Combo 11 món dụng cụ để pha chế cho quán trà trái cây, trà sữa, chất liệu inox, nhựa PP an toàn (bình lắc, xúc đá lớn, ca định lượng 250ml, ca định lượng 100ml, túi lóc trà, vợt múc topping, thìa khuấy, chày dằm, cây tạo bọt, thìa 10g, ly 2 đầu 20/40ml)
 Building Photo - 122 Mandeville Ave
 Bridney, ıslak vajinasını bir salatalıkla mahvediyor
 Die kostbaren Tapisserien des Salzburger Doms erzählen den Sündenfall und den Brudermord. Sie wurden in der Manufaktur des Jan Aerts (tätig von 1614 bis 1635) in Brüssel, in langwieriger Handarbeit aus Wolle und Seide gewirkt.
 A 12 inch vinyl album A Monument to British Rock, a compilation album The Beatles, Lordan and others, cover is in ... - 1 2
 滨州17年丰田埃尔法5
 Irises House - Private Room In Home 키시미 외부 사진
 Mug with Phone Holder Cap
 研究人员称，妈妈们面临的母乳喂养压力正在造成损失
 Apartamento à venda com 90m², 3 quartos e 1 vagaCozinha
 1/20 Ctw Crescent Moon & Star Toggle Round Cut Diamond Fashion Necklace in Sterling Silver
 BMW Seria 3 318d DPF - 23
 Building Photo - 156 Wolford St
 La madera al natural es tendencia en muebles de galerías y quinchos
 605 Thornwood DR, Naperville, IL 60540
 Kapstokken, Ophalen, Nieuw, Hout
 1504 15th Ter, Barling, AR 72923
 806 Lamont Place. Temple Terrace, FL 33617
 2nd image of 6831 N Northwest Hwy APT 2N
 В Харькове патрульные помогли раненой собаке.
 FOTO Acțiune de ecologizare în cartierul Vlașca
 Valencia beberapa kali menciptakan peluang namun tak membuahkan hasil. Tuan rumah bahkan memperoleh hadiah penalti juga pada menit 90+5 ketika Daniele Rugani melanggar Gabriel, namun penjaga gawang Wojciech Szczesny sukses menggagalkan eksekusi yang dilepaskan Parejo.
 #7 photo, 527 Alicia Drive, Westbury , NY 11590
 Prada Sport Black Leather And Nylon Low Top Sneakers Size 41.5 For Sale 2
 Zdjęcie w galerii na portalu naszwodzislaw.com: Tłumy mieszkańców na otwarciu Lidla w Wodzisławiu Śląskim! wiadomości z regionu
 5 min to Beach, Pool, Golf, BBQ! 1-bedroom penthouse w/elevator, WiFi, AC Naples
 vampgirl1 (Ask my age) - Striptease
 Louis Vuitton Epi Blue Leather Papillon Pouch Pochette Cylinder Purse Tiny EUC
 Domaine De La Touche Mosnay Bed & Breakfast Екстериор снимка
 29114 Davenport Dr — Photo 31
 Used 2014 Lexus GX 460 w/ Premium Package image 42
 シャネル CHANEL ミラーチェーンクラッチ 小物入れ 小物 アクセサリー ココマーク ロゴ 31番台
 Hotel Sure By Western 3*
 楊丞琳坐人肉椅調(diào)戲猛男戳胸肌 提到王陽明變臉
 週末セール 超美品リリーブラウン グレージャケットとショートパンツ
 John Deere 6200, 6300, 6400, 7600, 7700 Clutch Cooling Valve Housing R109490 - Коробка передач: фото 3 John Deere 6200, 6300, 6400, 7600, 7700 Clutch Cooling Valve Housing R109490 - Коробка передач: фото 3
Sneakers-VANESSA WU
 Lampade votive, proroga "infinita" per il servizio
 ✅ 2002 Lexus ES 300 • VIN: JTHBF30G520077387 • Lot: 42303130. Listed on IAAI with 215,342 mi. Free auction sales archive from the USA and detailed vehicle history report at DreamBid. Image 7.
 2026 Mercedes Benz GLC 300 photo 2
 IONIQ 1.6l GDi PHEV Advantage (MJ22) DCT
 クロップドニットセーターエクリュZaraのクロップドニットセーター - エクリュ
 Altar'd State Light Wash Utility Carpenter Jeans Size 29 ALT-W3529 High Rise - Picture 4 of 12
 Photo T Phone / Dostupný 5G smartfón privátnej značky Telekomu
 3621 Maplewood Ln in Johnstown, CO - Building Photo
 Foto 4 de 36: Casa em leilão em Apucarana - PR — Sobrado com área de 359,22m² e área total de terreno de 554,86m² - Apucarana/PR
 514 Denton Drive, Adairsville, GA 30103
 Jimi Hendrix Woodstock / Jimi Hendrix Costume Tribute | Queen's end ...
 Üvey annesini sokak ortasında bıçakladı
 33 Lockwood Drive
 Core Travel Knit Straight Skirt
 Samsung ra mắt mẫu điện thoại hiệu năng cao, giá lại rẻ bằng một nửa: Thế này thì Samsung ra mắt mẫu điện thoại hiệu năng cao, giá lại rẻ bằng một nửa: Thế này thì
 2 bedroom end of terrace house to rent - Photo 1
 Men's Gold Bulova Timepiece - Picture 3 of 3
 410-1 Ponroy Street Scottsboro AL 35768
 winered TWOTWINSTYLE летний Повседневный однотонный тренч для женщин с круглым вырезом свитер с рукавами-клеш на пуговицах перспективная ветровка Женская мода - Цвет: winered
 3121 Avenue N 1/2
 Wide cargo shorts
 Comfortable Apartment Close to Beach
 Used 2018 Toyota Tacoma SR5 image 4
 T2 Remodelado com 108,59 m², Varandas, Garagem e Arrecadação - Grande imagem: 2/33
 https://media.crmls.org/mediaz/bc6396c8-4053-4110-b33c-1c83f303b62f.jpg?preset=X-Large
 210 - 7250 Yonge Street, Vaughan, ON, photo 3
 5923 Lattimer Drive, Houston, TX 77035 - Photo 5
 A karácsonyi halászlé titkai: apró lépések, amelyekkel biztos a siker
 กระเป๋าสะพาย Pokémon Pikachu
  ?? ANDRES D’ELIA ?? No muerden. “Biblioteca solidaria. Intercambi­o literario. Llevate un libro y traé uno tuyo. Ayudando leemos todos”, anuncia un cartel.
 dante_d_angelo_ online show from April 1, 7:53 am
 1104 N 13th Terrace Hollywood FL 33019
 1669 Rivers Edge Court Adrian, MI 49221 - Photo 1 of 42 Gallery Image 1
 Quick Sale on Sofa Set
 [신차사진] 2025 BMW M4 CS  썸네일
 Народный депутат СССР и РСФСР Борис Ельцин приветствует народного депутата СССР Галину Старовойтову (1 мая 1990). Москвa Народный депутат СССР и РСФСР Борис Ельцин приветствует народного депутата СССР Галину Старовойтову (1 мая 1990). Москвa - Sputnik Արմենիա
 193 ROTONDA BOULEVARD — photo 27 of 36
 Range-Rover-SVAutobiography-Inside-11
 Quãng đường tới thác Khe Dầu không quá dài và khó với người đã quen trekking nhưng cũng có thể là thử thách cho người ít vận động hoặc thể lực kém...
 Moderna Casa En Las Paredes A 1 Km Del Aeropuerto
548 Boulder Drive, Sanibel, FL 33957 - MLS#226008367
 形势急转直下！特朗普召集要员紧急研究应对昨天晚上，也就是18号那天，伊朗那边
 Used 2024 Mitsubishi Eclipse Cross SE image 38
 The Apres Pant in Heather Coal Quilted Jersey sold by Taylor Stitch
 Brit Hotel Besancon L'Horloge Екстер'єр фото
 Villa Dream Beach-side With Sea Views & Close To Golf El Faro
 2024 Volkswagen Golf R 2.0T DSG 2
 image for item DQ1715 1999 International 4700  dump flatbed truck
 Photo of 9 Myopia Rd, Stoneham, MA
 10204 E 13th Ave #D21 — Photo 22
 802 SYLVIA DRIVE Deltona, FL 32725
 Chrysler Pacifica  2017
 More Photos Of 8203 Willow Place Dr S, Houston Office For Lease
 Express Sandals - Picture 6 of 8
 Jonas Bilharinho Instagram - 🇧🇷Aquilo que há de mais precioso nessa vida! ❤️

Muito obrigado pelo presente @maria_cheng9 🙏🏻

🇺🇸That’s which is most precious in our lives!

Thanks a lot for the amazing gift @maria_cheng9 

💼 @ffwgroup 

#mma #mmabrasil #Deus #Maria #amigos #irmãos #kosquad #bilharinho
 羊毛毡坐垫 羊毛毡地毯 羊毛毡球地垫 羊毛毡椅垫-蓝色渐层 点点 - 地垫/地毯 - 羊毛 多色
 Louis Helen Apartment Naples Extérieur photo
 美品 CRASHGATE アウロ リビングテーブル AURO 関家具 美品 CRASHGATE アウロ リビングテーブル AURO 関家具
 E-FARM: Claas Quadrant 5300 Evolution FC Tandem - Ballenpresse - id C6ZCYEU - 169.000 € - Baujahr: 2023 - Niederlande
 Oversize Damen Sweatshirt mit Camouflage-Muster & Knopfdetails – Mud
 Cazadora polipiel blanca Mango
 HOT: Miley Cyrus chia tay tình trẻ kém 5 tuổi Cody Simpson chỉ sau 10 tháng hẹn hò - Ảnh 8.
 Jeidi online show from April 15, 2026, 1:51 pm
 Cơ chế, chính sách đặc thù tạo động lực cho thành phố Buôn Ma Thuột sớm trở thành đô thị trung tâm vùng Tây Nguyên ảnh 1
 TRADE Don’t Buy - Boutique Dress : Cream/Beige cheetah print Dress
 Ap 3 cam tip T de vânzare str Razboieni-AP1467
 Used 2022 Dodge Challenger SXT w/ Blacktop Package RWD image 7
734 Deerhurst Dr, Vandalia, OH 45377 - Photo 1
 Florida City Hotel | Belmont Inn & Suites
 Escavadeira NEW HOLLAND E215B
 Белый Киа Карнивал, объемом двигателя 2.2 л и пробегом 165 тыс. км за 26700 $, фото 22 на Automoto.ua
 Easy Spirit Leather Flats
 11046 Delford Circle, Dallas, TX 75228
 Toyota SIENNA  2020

__________________________________________________

:: Work request ::
Only the lines from the beginning of the data above through the line containing "Building Photo - 122 Mandeville Ave" should be repeated, exactly as they appear.

:: Reply to the task ::
Combo 11 món dụng cụ để pha chế cho quán trà trái cây, trà sữa, chất liệu inox, nhựa PP an toàn (bình lắc, xúc đá lớn, ca định lượng 250ml, ca định lượng 100ml, túi lóc trà, vợt múc topping, thìa khuấy, chày dằm, cây tạo bọt, thìa 10g, ly 2 đầu 20/40ml)
 Building Photo - 122 Mandeville Ave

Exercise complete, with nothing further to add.